Silas has been a bit fussy lately. I think he's making up for being the perfect child for the first 10 weeks of his life, he didn't want to set the bar too high for himself. This morning he made sure that I thought it was going to be an easy morning by only waking up once during the night to nurse. He probably figured that I'd need some sleep in order to make it through the day today, it being Monday and all (ps-he was right.)
Since that one feeding, he's nursed 4 times, making sure that not one of them was normal, aka: nurse on both sides for at least ten minutes. Instead, he mixed it up a bit and would just nurse one side before becoming extremely exhausted after 6 minutes of sucking. (I knew you wanted to know.) He'd fall sound asleep, head draping over my arm, a snoring little fellow. I look at him endearingly, emit a sigh of relief, knowing that I can possibly get a few things done around the house before he wakes, and head upstairs to lay him down for a looong nap.

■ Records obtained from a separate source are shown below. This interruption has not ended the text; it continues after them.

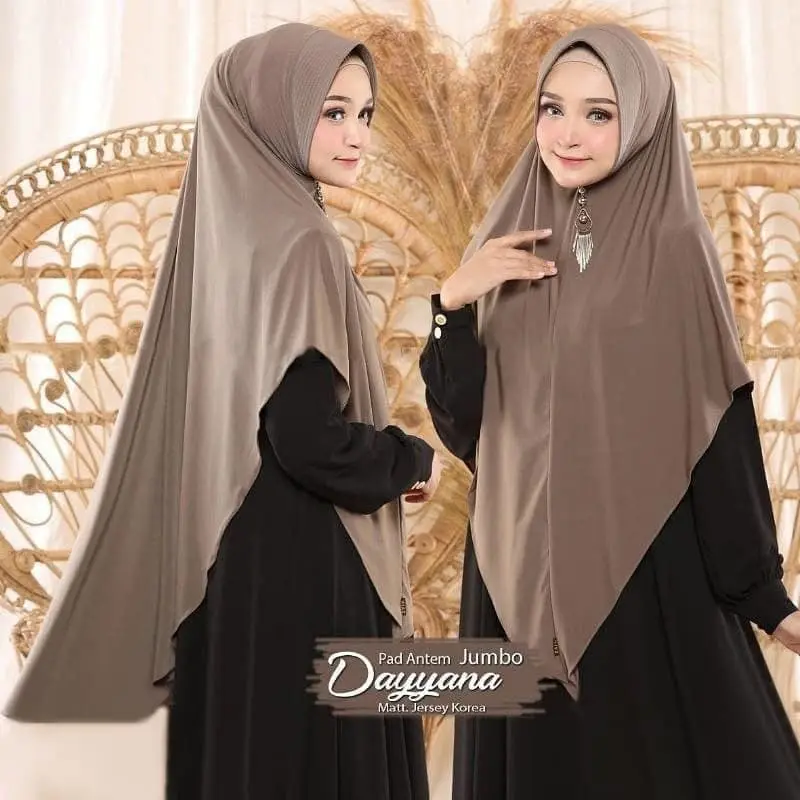 Jilbab Syari Bergo Jumbo Dayyana Khimar Syari Berbahan Jersy ZHI 5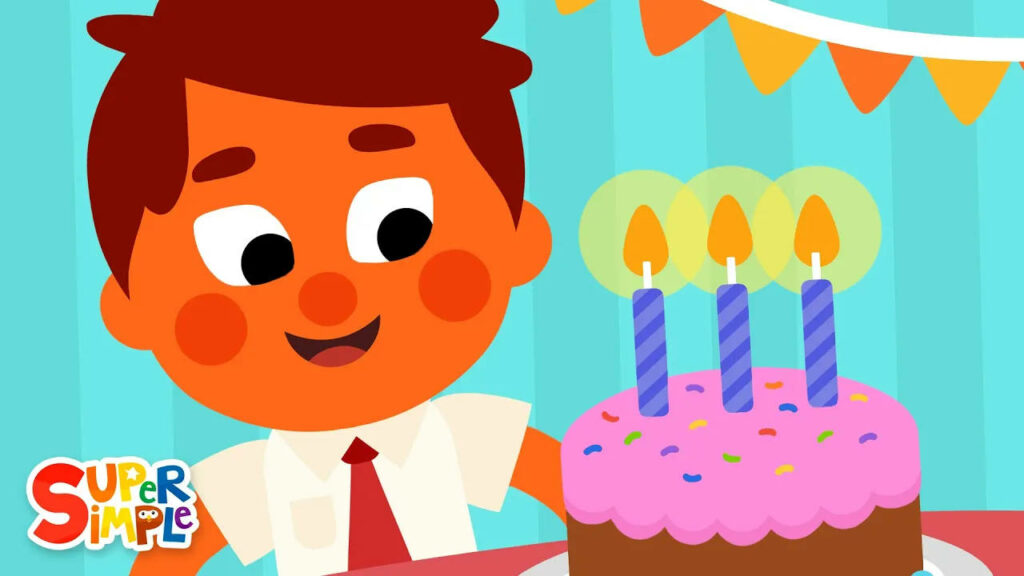 Colorful Birthday Wallpaper with Animated Character & Cake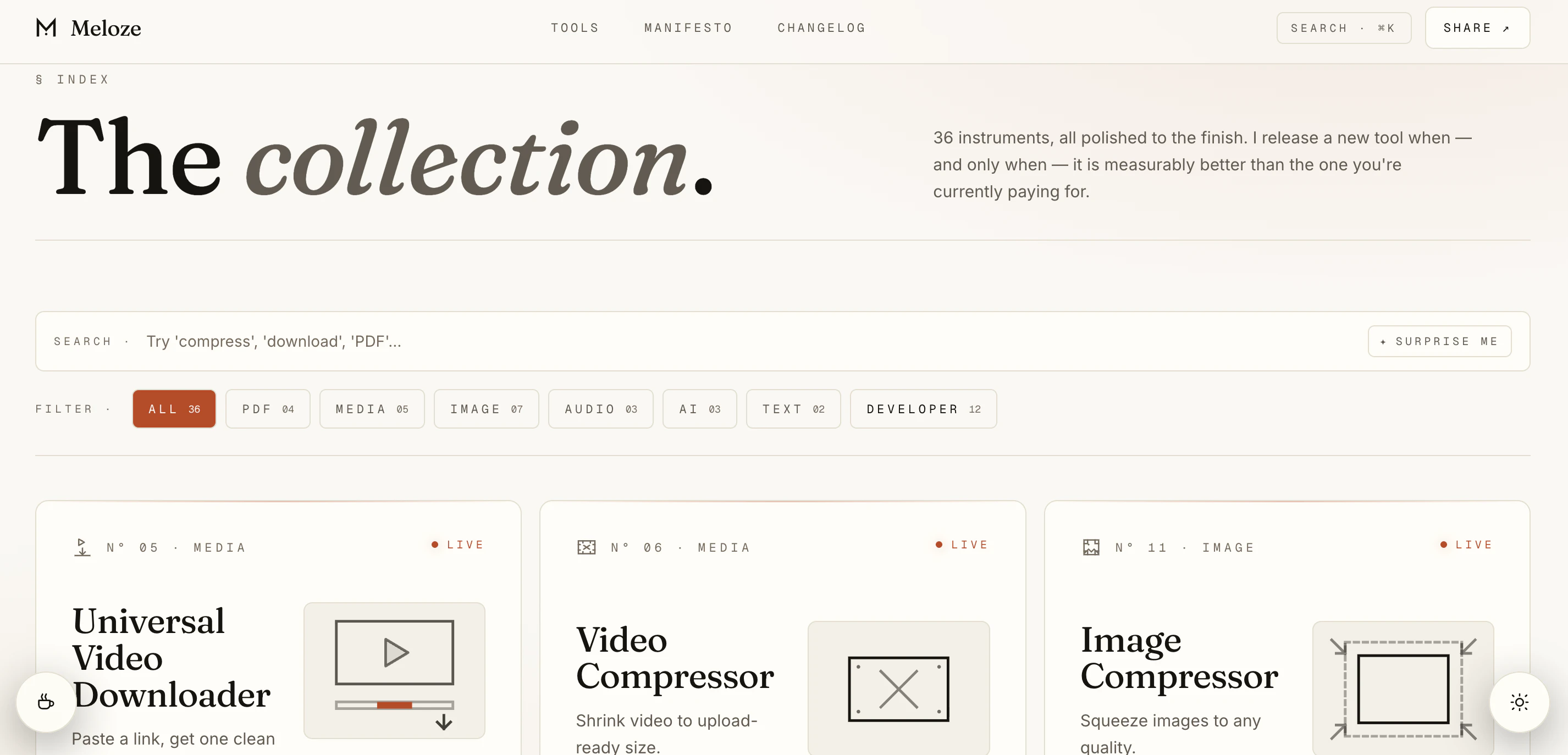 meloze — 36 AI tools, nothing uploaded 대표 미리보기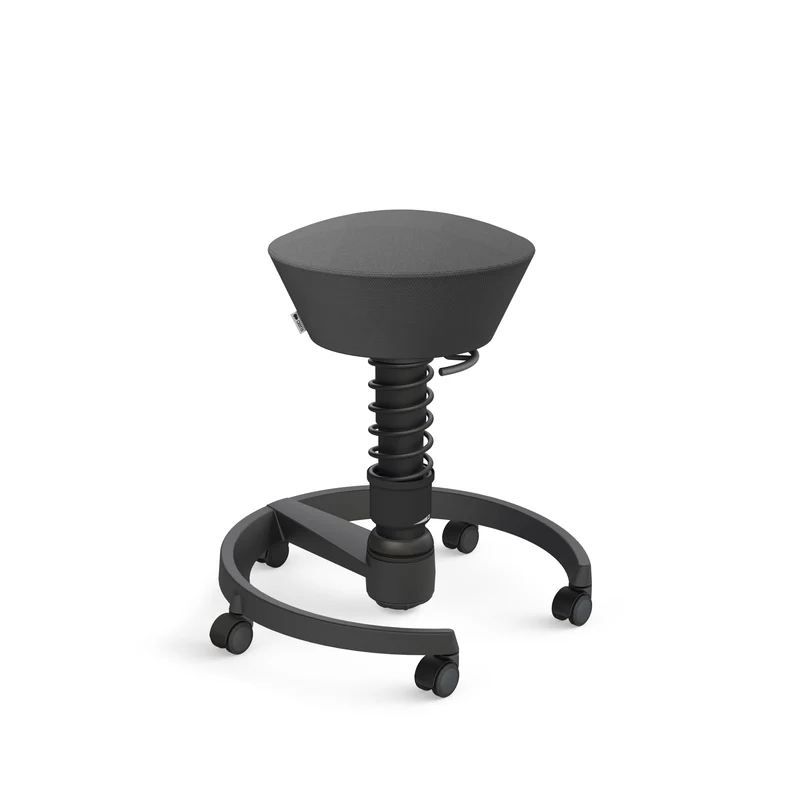 Aeris Swopper mit Rollen (Schwarz) – Ergonomischer Sitzhocker für aktives Sitzen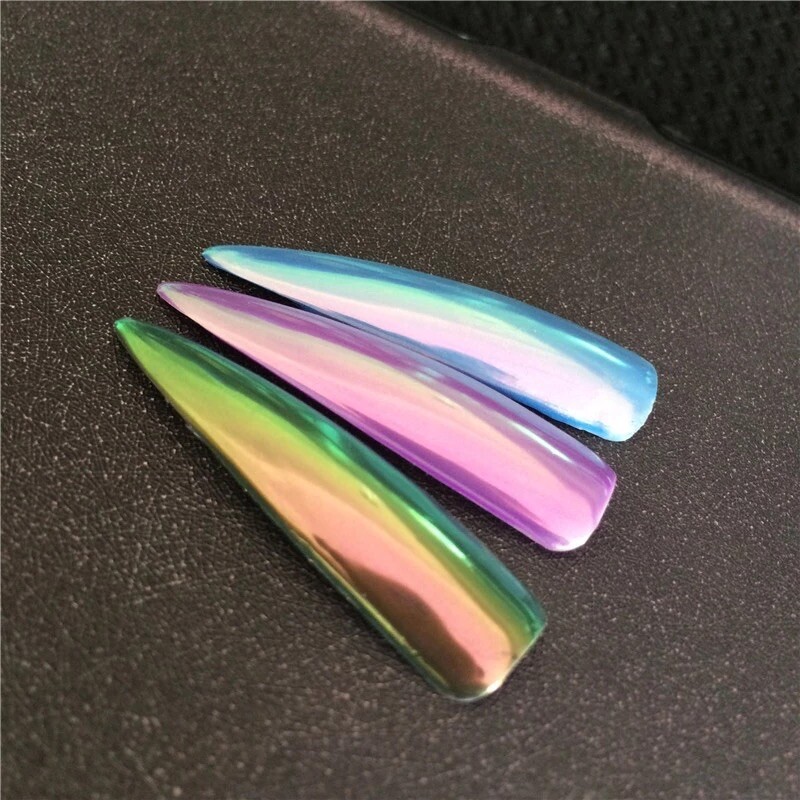 AURORA CHROME UNICORN NAIL POWDER Mermaid AB MIRROR Effect RAINBOW Crystal (um)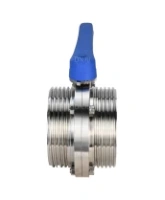 Затвор дисковый поворотный DN.ru WBV3131E-2W-T-H Ду50 Ру10 резьбовой, пищевая нержавеющая сталь 304, уплотнение – EPDM, с рукояткой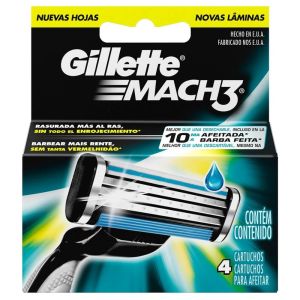 Gillette Mach3 Carga para Aparelho de Barbear 4 Unidades A Embalagem Pode Variar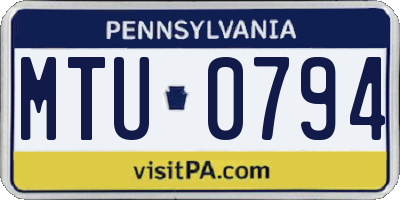 PA license plate MTU0794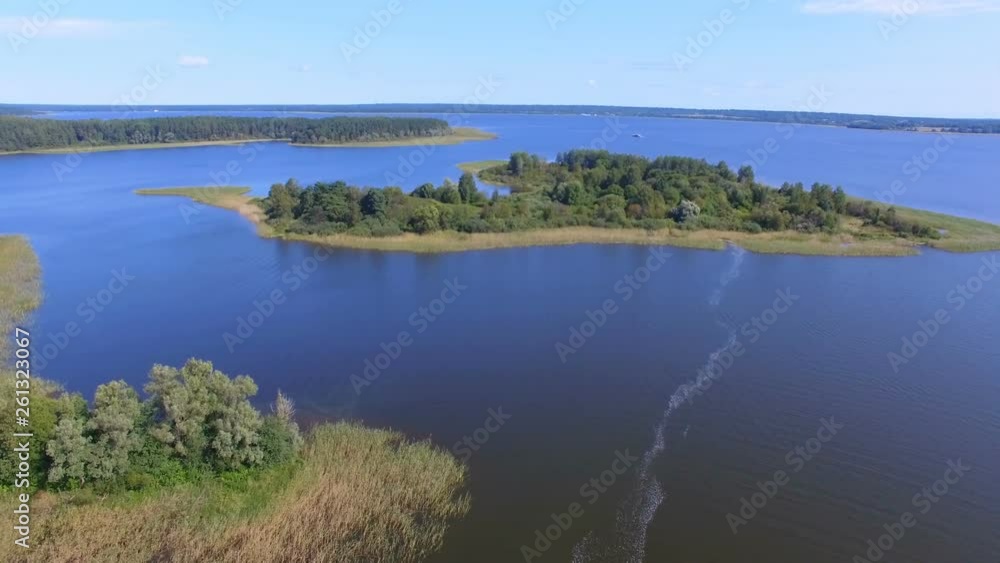Aerial View Of A Small Island And Bridge Over Lake Seliger, Russia Aerial View Of A Small Island And Bridge Over Lake Seliger, Russia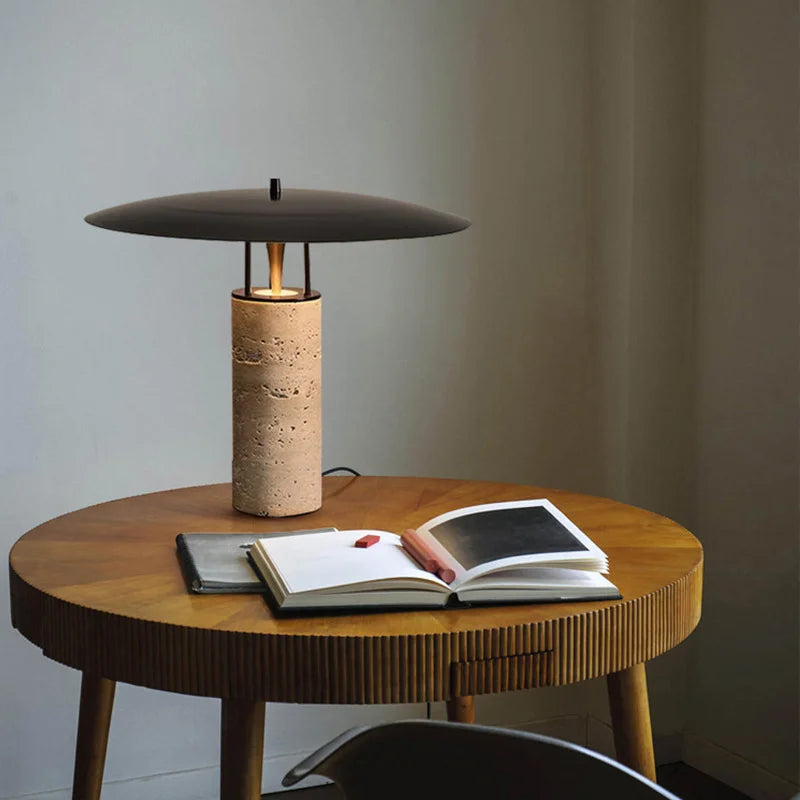 lampe à poser design en pierre de fer noir à LED - vue 5 sur 6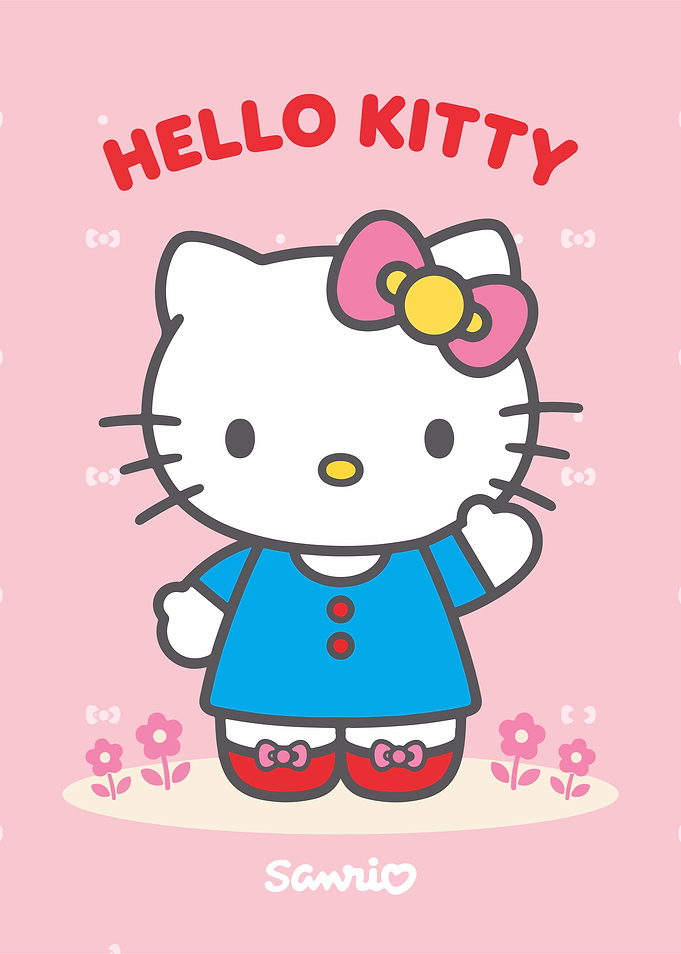 Hello Kitty Pink Background Illustration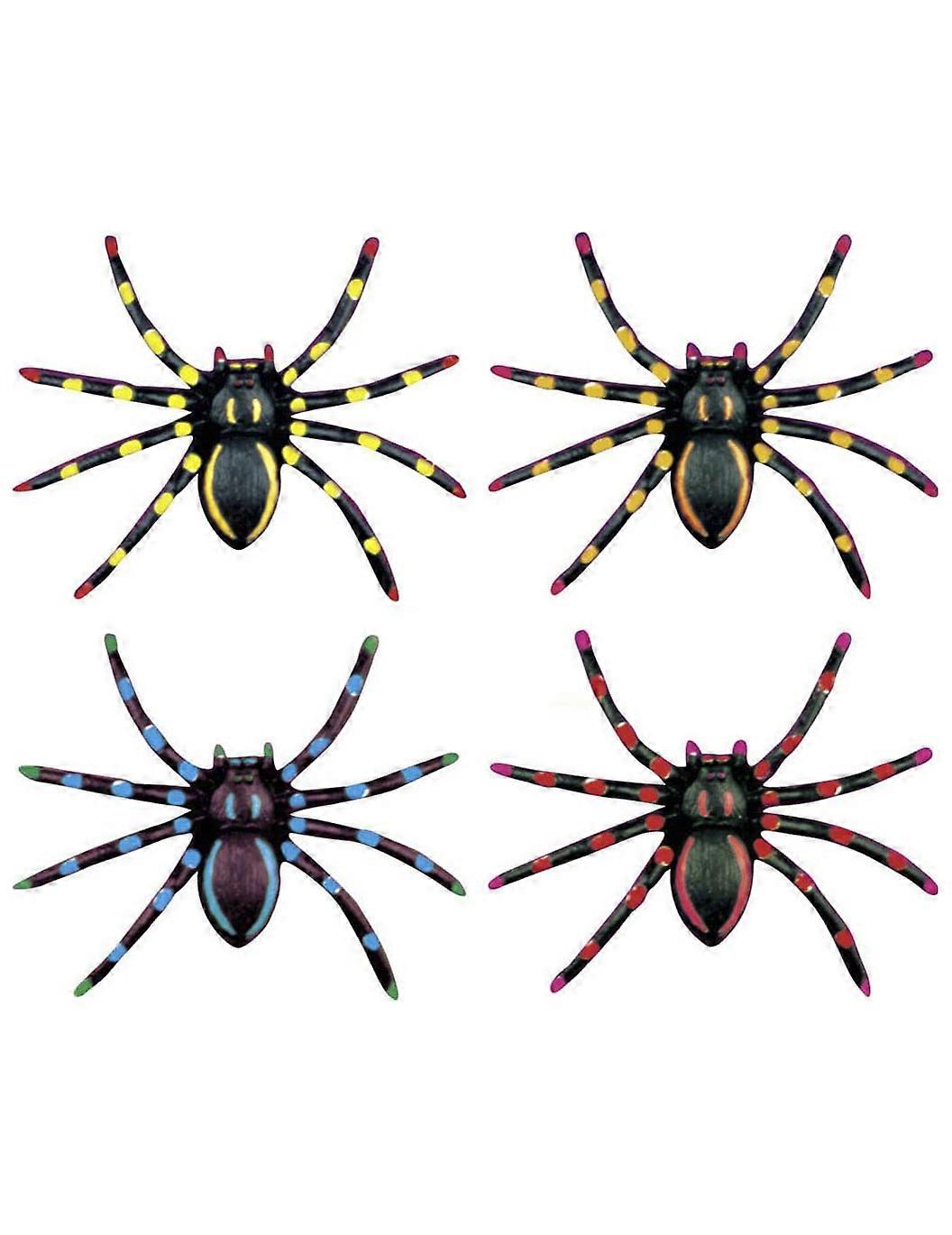4 Neon Halloween Spiders 7.5 cm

|Fussy little man with crazy little hairs.|
He woke up every.single.time I put him down. He must just love me too much today, wants to make sure I don't accidentally go somewhere and forget him.
The funnest part of the morning is when I smelt a little something cooking downstairs, if you know what I mean. And by funnest I mean funniest...for you, anyway...laughing at my expense. (Warning: a poop story is to follow. If you are not in the poop mood, you may consider redirecting your browser to a different venue of useless information about other people's lives. May I suggest facebook?)
So I was at the part about smelling something, and it was not the delicious chicken cooking in the crock pot. Silas must have either smelled it as well or didn't like what was happening in there because he was very whiny. Then he spit up on me. Thanks, dude. I brought the angry little man upstairs to change the underpants and was met with a slimy, sticky mess that was just the most delightful shade of green. yum. Mid-wiping the excess of this small gift off of his little toosh, he screams and then begins to pee. Now, if you've ever changed a little boy, you know that this means a golden fountain suddenly springs into the air. I didn't want it to get on the floor, his face, etc., so I had to redirect it, if you will. The joys of mommyhood. And let me tell you, this was no small fountain. Buckingham Fountain would have been impressed. It lasted a good 15 seconds and produced a small lake on the changing table, with Silas all but floating in it. But now the screaming stopped and he was smiling. Perhaps he was just craving a nice warm shower...or thought I needed one?
Here's where a good mom might start running the water for a bath. I undressed him, but opted for wiping him down with wipes. Those are sanitizing, right?
After his wipe-bath we went back and forth several times about whether he should nap. He falls asleep in my arms. I put him in his bed. He knocks he pacifier out of his mouth. He cries, angry at whoever would dare to take his pacifier away. I pick him up and rock him to sleep. and repeat.
Finally, I wised up and brought him down to his swing. He falls asleep sans-pacifier and mom tiptoes away, patting myself on the back. Oh, Monday...you shouldn't have.